Caption-style text data:
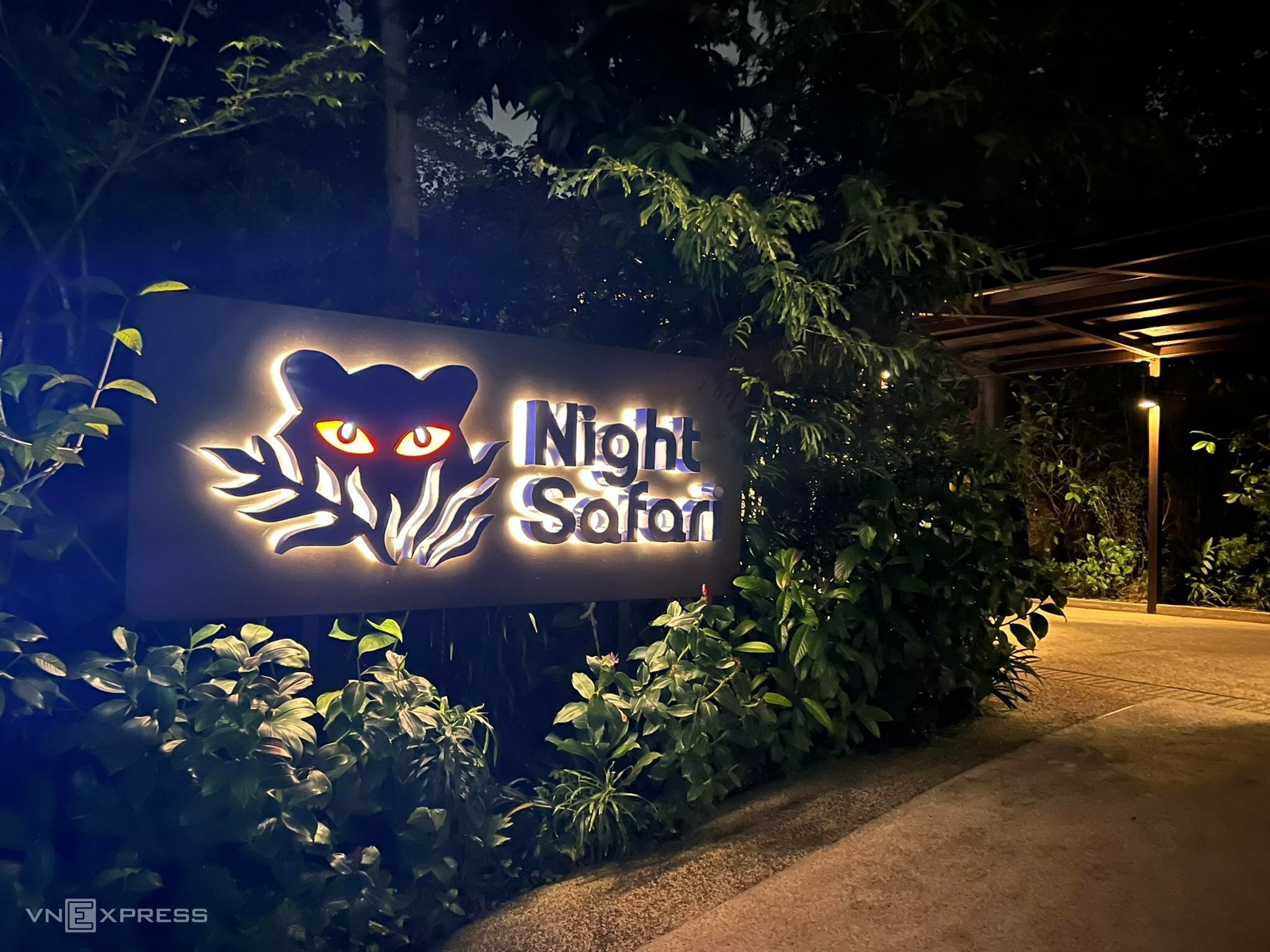 'Sở thú đêm Singapore không như mong đợi' Du lịch  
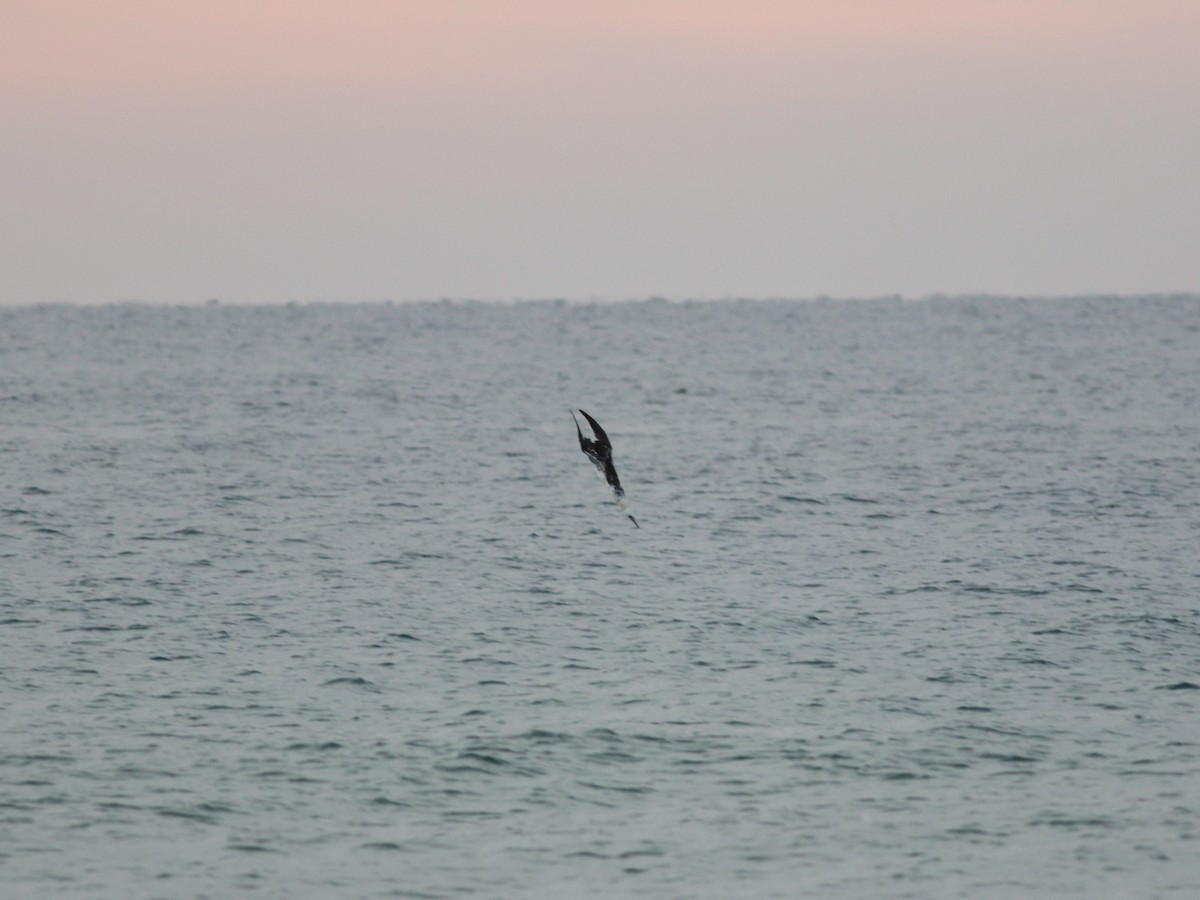 Northern Gannet - ML132347081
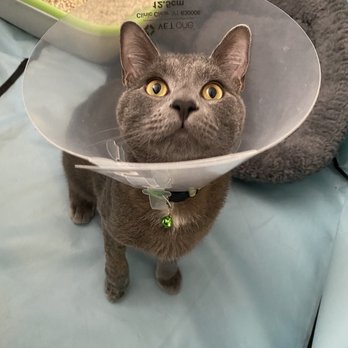 Valhalla Animal Hospital - my cat kobi - Veterinarians Near Me - Valhalla, New York Valhalla Animal Hospital - my cat kobi - Veterinarians Near Me - Valhalla, New York
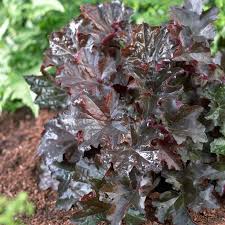 Image result for HEUCHERA americana 'Palace Purple Auslese'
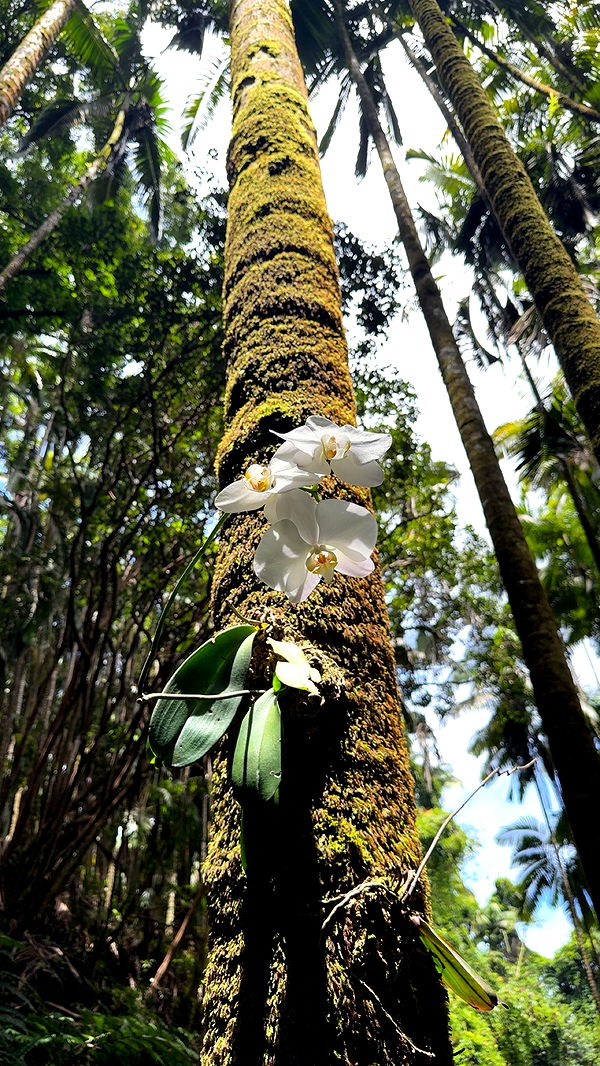 realhaylujan image ~ Altpins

> What is being asked
Restate the records word for word and drop the images.

> Result of the task
 'Sở thú đêm Singapore không như mong đợi' Du lịch  
 Northern Gannet - ML132347081
 Valhalla Animal Hospital - my cat kobi - Veterinarians Near Me - Valhalla, New York Valhalla Animal Hospital - my cat kobi - Veterinarians Near Me - Valhalla, New York
 Image result for HEUCHERA americana 'Palace Purple Auslese'
 realhaylujan image ~ Altpins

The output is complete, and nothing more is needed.